The guys in the local chip scene threw a party on the weekend, and nobody invited me. Why is it that no matter which scene I try to become a part of, I always feel like an outsider? I also only ever get gigs if I complain about not getting any.

Is there something they're not telling me? Am I some kind of asshole who makes shitty, substandard music and they're just too polite to let me know? I'd rather they tell me if that were the case, so I can work on being a better friend.

 

In addition to that, I went to see some friends' bands lastnight, bumped into another friend there, and the first thing he said to me was, "you're looking a little pudgy there, rob". Put me in a fucking shitty mood all night (and all of today, in case you didn't already notice). Gee, thanks for telling me, I totally didn't notice that I've put on a few kilos lately.

Edited by modey

If someone told me i was fat, i'd agree. Don't worry about it man seriously. If this is all you can dislike about a person, you're going about socializing wrong.

 

As for not getting invited to parties, it's about being 'cool' i guess. But also about hanging out with the peeps, if you don't, you won't. Are they heaps younger than you?
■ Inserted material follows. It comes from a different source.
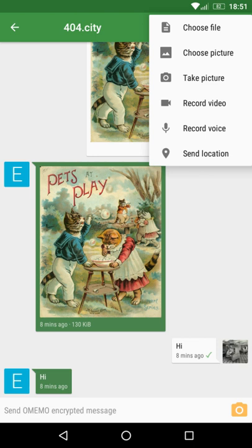The design of the user interface strongly reminds of the Gmail app and Google Plus Hangouts. Files can be sent with optional encryption. Sent images are shown inline with text messages in the Conversation view. Being an XMPP client, Conversations inherently provides interoperability with other XMPP software and isn't bound to server infrastructure of the manufacturer either.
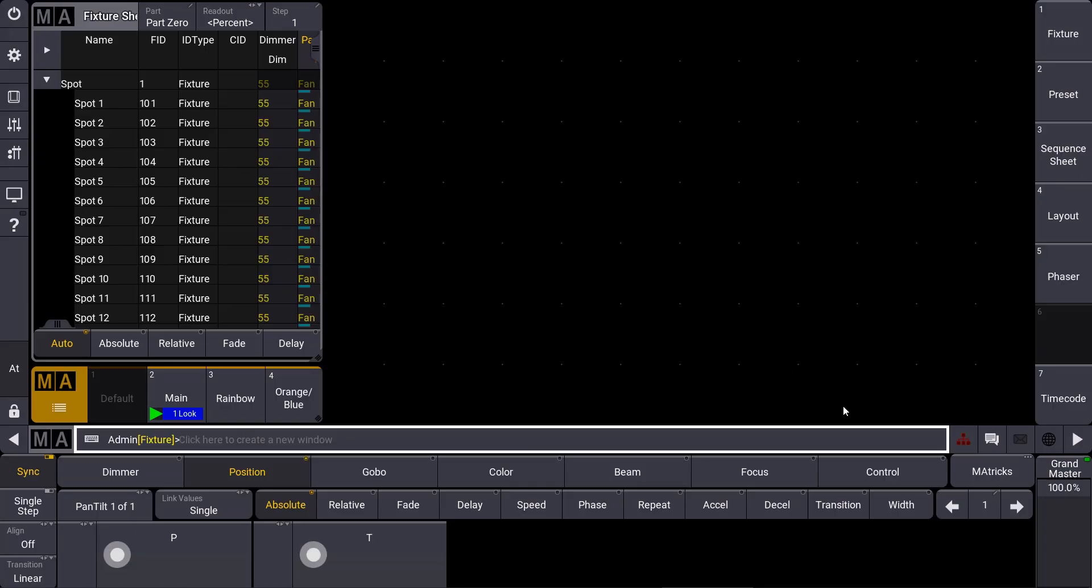One of the fundamental changes in GrandMA3 is that the 3D is now integrated into the console software. So especially when you know GrandMA2 where we have the console software and the 3D software as two different parts, now it's all integrated in one software.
Maybe that's it? Bunch of boring shites that you'd rather ignore. I can understand, chips musics is so old now and the new guys have done fuck all with it. Their scene might as well still be in '99. Back when people were actually making some nice tunes. Seems to be more about the cool these days. So there, we answered why you didn't get invited, and why you shouldn't care that you didn't get invited. ;-] happy?

 

As for not getting gigs. If you have to complain to get gigs fucking do it. This is your main connection point with new unsolicited fans. And if no one puts you on the bill, make your own gigs, with a couple of friends in support, in places that you already frequent. Then bring your A game, an slay some.

 

--

 

Also, it must be noted that i never go to parties or put on gigs, let along bother trying to build new friendships. So take'a what i say'a with a grain of salt'a.

 

;-]

 

love dleeta

A member of the non sequitairiate.

  On 6/11/2012 at 10:44 AM, modey said:

Why is it that no matter which scene I try to become a part of, I always feel like an outsider?

 

this made me wince as if kicked in the nuts.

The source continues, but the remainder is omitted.